= Kamenka, Vyborgsky District, Leningrad Oblast =

Rural locality in Vyborgsky District, Russia

Kamenka (Ка́менка; Kaukjärvi) is a rural locality (a logging depot settlement) in Vyborgsky District of Leningrad Oblast, Russia, it is located on the Karelian Isthmus to the west of Kirillovskoye railway station. Population:

Within the framework of municipal divisions, it is a part of Polyanskoye Rural Settlement (with the administrative center in Polyany) in Vyborgsky Municipal District.

The Nikolayevsky artillery range (now Bobochinsky military tank training range) has been situated to the east of Kamenka since 1913. The 138th Guards Motor Rifle Brigade, formerly the 45th Guards Motor Rifle Division, is located here.

==History==
From the 1323 Treaty of Nöteborg the area was a part of Sweden, administered first as a part of the Mohla (Muolaa) and since 1445 Nykyrka (Uusikirkko) parish, until the cessation of its parish to Russia in the 1721 Treaty of Nystad alongside the Karelian Isthmus part of the Viborg and Nyslott County. In 1812, the parish was reincorporated to the Grand Duchy of Finland alongside other Old Finland (areas of Finland which Russia had acquired in 1721 and 1743, prior to the transfer of the remaining Finland from Sweden to the Russian Empire as an autonomous realm).

The village was first mentioned in 1348. A church (initially Roman Catholic and since the Swedish Reformation Lutheran) dedicated to Saint Birgitta was built in the village during the Middle Ages. Over time the church began to crumble, and the local peasants would have wanted to build a new church, but the priesthood were reluctant. By 1781 the church was in such a bad shape that it was no longer considered suitable for renovation, and the wooden beams were sold to the peasants. The last (Lutheran) burials were conducted to the adjacent cemetery also in 1781.

An Orthodox church dedicated to Saint Nicholas was built into the village in 1853. It was burnt down during the Winter War. The Orthodox church also had a small cemetery, which is in ruins nowadays.

A sawmill was built on the site of the old Lutheran church in the early 1900s, which caused anger in the locals, as during its construction bones from the old Lutheran cemetery were discovered.

The Nikolayevsky artillery range to the east of the village was founded for the Imperial Russian Army in 1913.

When Finland gained independence in 1917, the village, being a part of the Grand Duchy, became a part of independent Finland.

In 1933 a public school was opened in the village.

Prior to the complete evacuation of inhabitants in 1939 due to the Winter War, there were 159 houses in the village, of which 145 were inhabited.

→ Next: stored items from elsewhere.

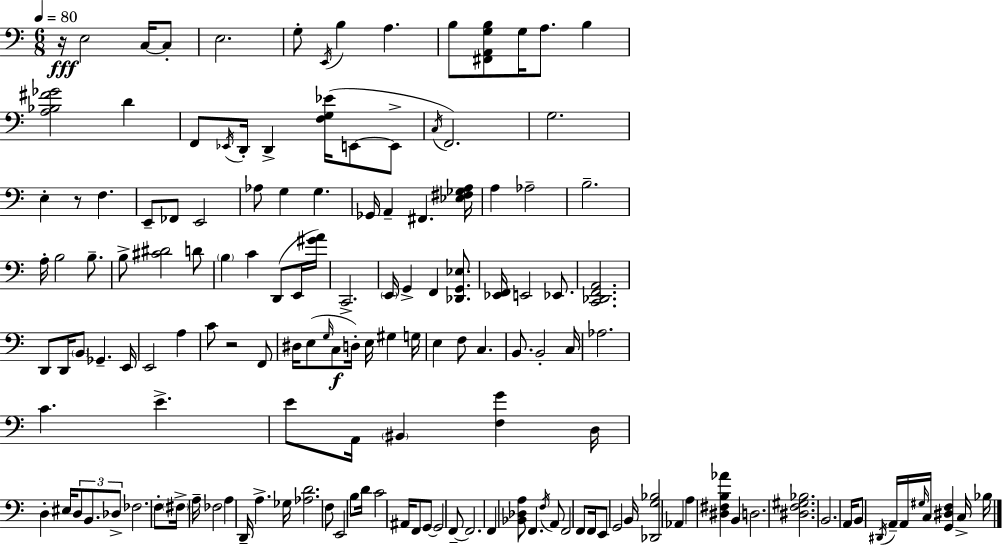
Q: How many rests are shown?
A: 3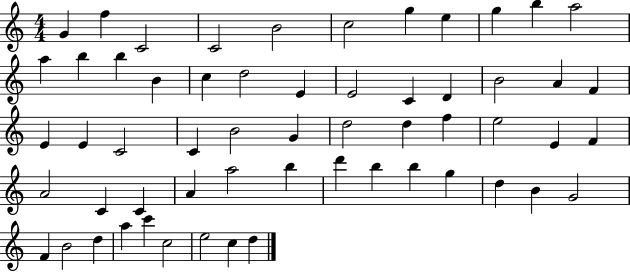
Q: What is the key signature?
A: C major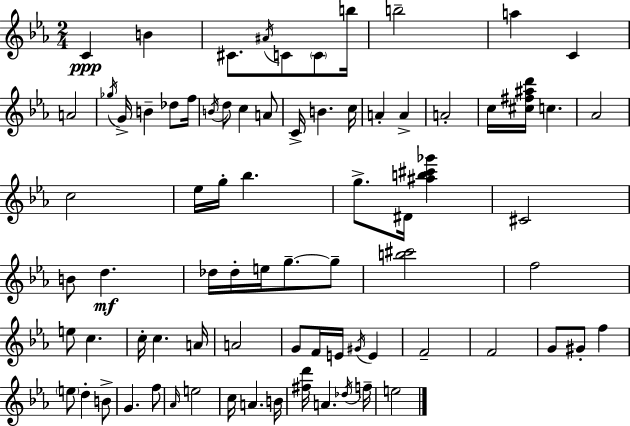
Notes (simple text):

C4/q B4/q C#4/e. A#4/s C4/e C4/e B5/s B5/h A5/q C4/q A4/h Gb5/s G4/s B4/q Db5/e F5/s B4/s D5/e C5/q A4/e C4/s B4/q. C5/s A4/q A4/q A4/h C5/s [C#5,F#5,A#5,D6]/s C5/q. Ab4/h C5/h Eb5/s G5/s Bb5/q. G5/e. D#4/s [A#5,B5,C#6,Gb6]/q C#4/h B4/e D5/q. Db5/s Db5/s E5/s G5/e. G5/e [B5,C#6]/h F5/h E5/e C5/q. C5/s C5/q. A4/s A4/h G4/e F4/s E4/s G#4/s E4/q F4/h F4/h G4/e G#4/e F5/q E5/e D5/q B4/e G4/q. F5/e Ab4/s E5/h C5/s A4/q. B4/s [F#5,D6]/s A4/q. Db5/s F5/s E5/h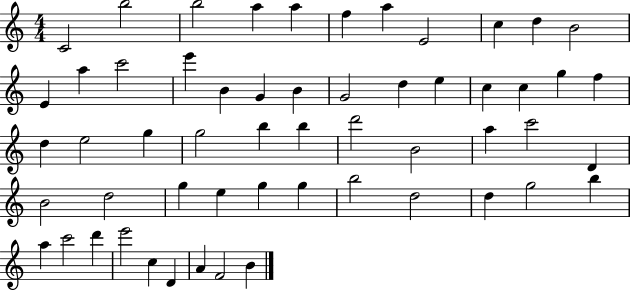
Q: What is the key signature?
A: C major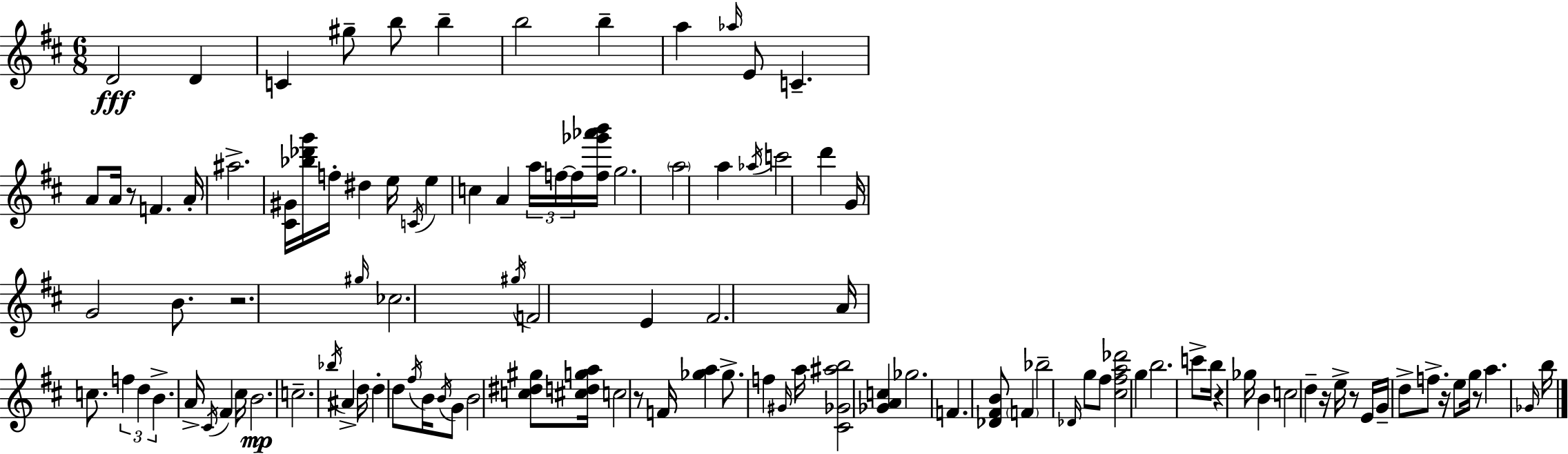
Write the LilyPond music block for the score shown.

{
  \clef treble
  \numericTimeSignature
  \time 6/8
  \key d \major
  d'2\fff d'4 | c'4 gis''8-- b''8 b''4-- | b''2 b''4-- | a''4 \grace { aes''16 } e'8 c'4.-- | \break a'8 a'16 r8 f'4. | a'16-. ais''2.-> | <cis' gis'>16 <bes'' des''' g'''>16 f''16-. dis''4 e''16 \acciaccatura { c'16 } e''4 | c''4 a'4 \tuplet 3/2 { a''16 f''16~~ | \break f''16 } <f'' ges''' aes''' b'''>16 g''2. | \parenthesize a''2 a''4 | \acciaccatura { aes''16 } c'''2 d'''4 | g'16 g'2 | \break b'8. r2. | \grace { gis''16 } ces''2. | \acciaccatura { gis''16 } f'2 | e'4 fis'2. | \break a'16 c''8. \tuplet 3/2 { f''4 | d''4 b'4.-> } a'16-> | \acciaccatura { cis'16 } fis'4 cis''16 b'2.\mp | c''2.-- | \break \acciaccatura { bes''16 } ais'4-> d''16 | d''4-. d''8 \acciaccatura { fis''16 } b'16 \acciaccatura { b'16 } g'8 b'2 | <c'' dis'' gis''>8 <cis'' d'' g'' a''>16 c''2 | r8 f'16 <ges'' a''>4 | \break ges''8.-> f''4 \grace { gis'16 } a''16 <cis' ges' ais'' b''>2 | <ges' a' c''>4 ges''2. | f'4. | <des' fis' b'>8 \parenthesize f'4 bes''2-- | \break \grace { des'16 } g''8 fis''8 <cis'' fis'' a'' des'''>2 | g''4 b''2. | c'''8-> | b''16 r4 ges''16 b'4 c''2 | \break d''4-- r16 | e''16-> r8 e'16 g'16-- d''8-> f''8.-> r16 e''8 | g''16 r8 a''4. \grace { ges'16 } b''16 | \bar "|."
}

During the interwar years, the artillery range was known as Perkjärvi artillery range when it was administered by the Finnish Army until the 1940 Moscow Peace Treaty which ceded the Karelian Isthmus to the Soviet Union. During the interwar years, it was the main artillery range of the Finnish Army.

The name Kamenka was assigned by the Soviet Union to the village from 13 January 1949.

A new orthodox church was built in Kamenka in 2001, dedicated to the Saint George.

In 2011 Finnish and Russian archeologists discovered what are supposedly the foundations of the old Lutheran church.